LaRouche and his cohorts entered PLP in 1968, which he considered the most coherent Marxist faction of the Students for a Democratic Society (SDS). It is interesting -- both PLP and NCLC came out of the Old Left. PLP was founded in 1962 as a split from the Communist Party. Its leader, Milt Rosen, was the same age as LaRouche, a middle-aged communist leading college revolutionaries. Many leaders of the New Left in the 60s were also Red Diaper babies. There was more continuity between the Old Left and New Left than most realize. LaRouche entered PLP and SDS just as the Columbia University student strike began in April 1968, and the later NYC public school teachers strike against the Board of Education from May-November 1968. LaRouche's group became major players in both events. The United Federation of Teachers (UFT) strike was particularly contentious. The new community-controlled school board in the largely black Ocean Hill-Brownsville neighborhood of Brooklyn fired a group of white unionized teachers, and the UFT went on strike. Ninety-three percent of the city's 58,000 teachers walked out. The left divided on the strike--some supporting black community control, and others supporting organized labor. NCLC supported the union; most of the New Left supported local community control and called the UFT racist. This was one of the defining moments of the New Left. It may be the birthplace of identity politics that followed the demise of the New Left. There is a huge academic literature on the Ocean Hill-Brownsville conflict.


United Federation of Teachers (UFT) strike
the NYC School Board 1968
NCLC is one of the few groups that grew in the aftermath of the collapse of SDS in 1968. They claimed to have 1000 members in 1973, perhaps its zenith. Some of that history was in my hometown of Philadelphia, which I recounted in my book review of Steve Fraser's The Age of Acquiescence: The Life and Death of American Resistance to Organized Wealth and Power. Fraser was the local leader of NCLC in Philadelphia from 1967-1971. NCLC was most active at Temple University, Swarthmore College, and University of Pennsylvania, and made efforts reach Philadelphia high school students. They held their founding national conference at the University of Pennsylvania in March 1969, after participating in the six-day student strike at Penn in February 1969 opposing the new University City Science Center in West Philadelphia. Paul Lyon's The People of This Generation: The Rise and Fall of the New Left in Philadelphia (2003) covers this local history in more detail. In February 1971 Steve Fraser broke with the NCLC, and took one-third of the membership with him to form a new organization, which did not last long. Fraser felt LaRouche was not effectively supporting his legal defense against charges of a bomb plot. He did not want to go to jail as a NCLC martyr. Fraser wanted to engage a broad left coalition in his legal case, and pursue a pluralist non-sectarian brand of socialism. LaRouche took NCLC in a different direction, attacking rival New Left groups (“mop-up the left”) and swinging to the right.

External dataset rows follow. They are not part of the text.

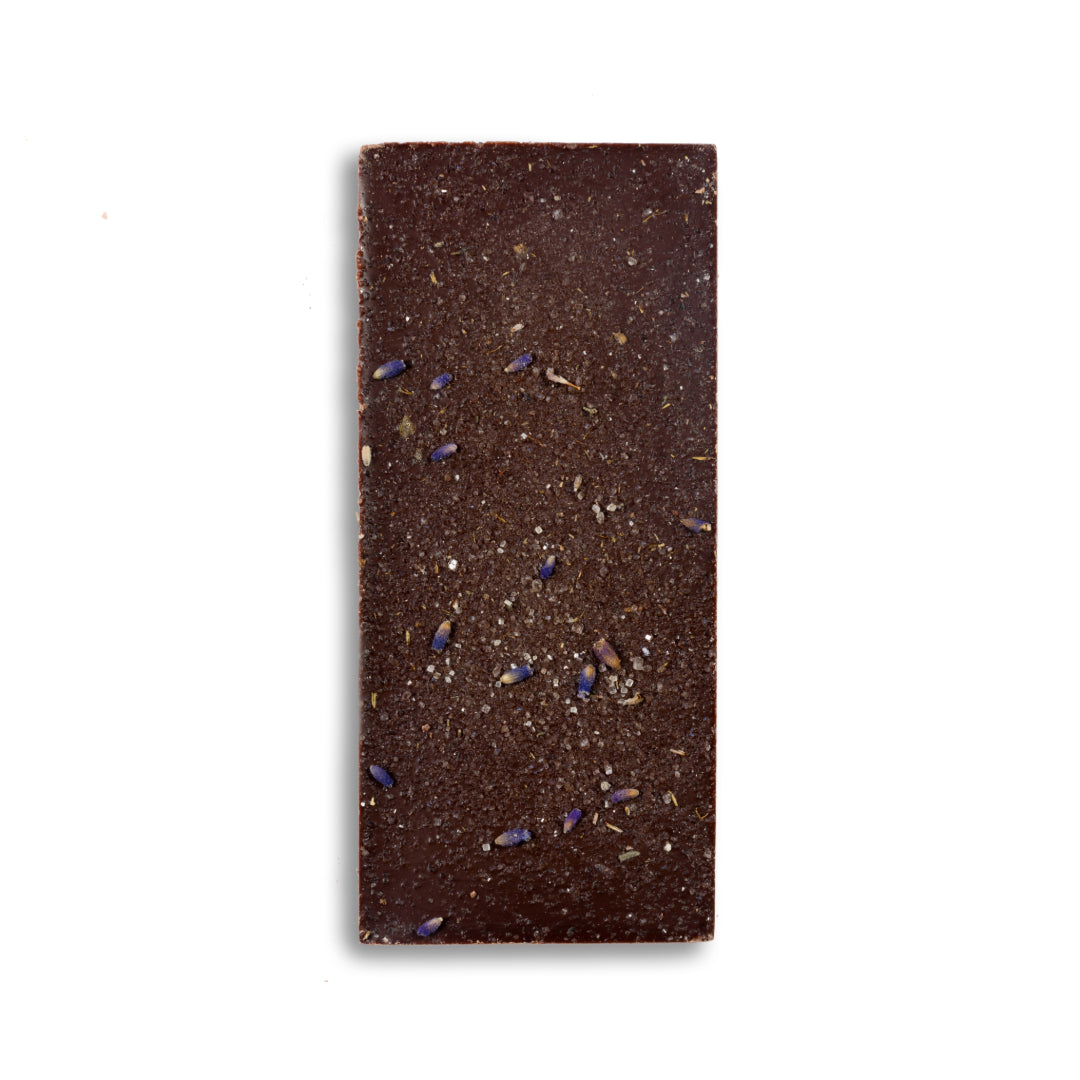 A single Ragged Coast Chocolates Dark Chocolate Lavender Blossom Bark bar with visible inclusions, on a white background.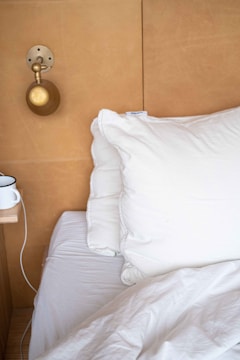 A neatly made bed with a white pillow and duvet. A small bedside shelf holds a cup, and a brass wall-mounted lamp is positioned above. The backdrop is a light brown wooden or faux leather panel.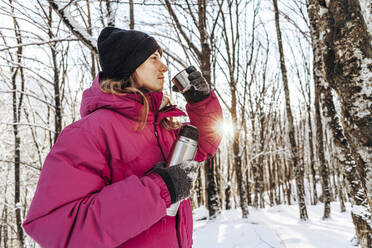 Tourist drinking water from insulated cup in snowy forest - OMIF00370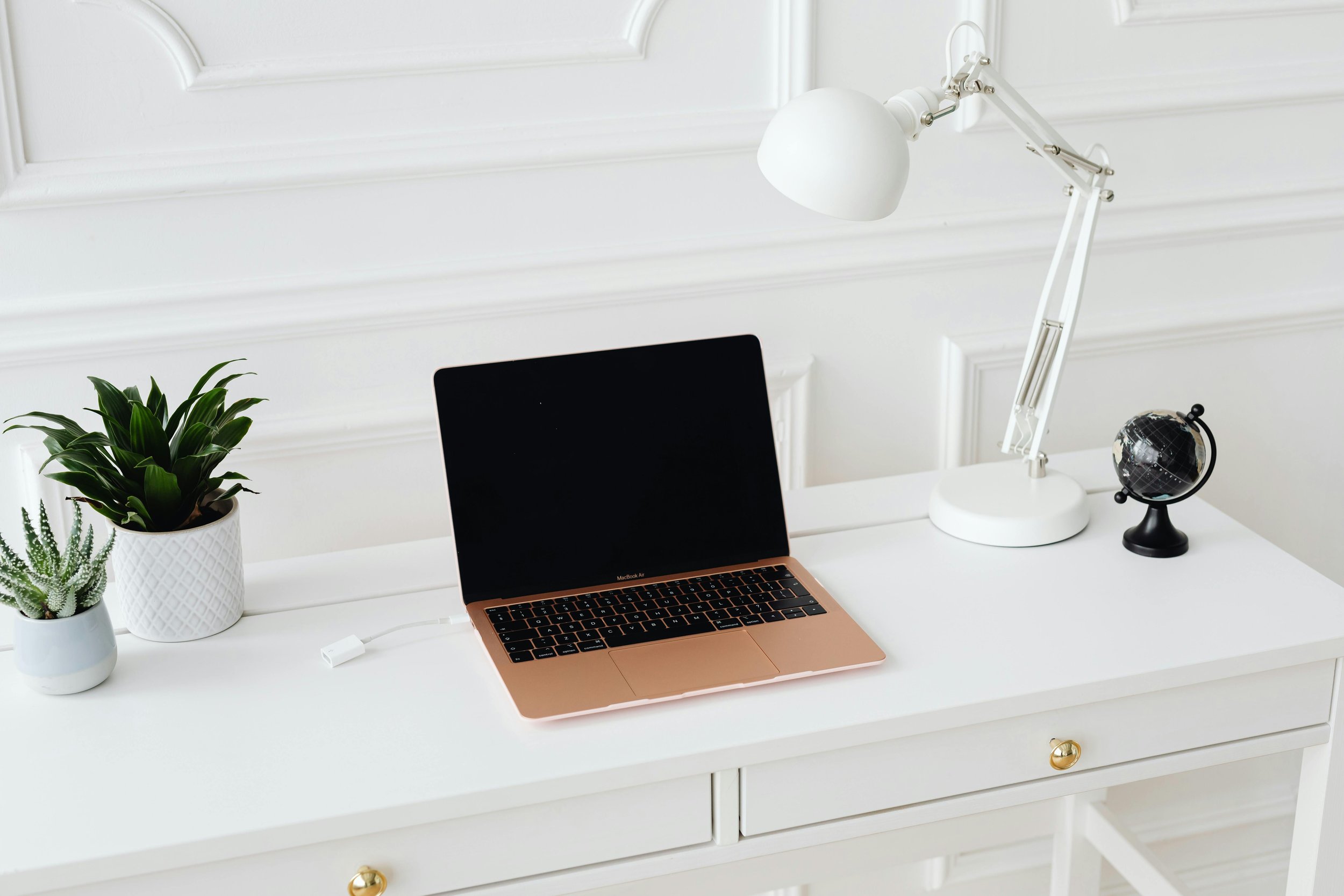 A white desk with a rose gold laptop, two potted plants, a white desk lamp, a small globe, and a drawer with gold knobs, set against a white wall with decorative molding.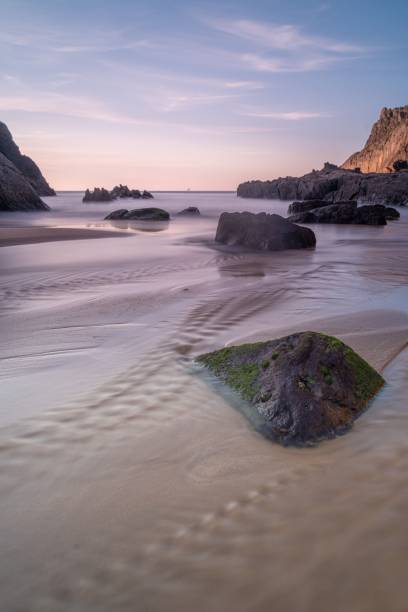 istock curious rock formations in the sea under sunset light 1454624964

Herein How It All Began concludes. NCLC attracted many talented activists in these early years. The author HH vividly describes the hothouse atmosphere in the student New Left as I remember it. Just like the 1930s, revolutionary change seemed just around the corner. It also portrays the insular life in a left sect, or cult, which is the sad fate of too many socialist organizations.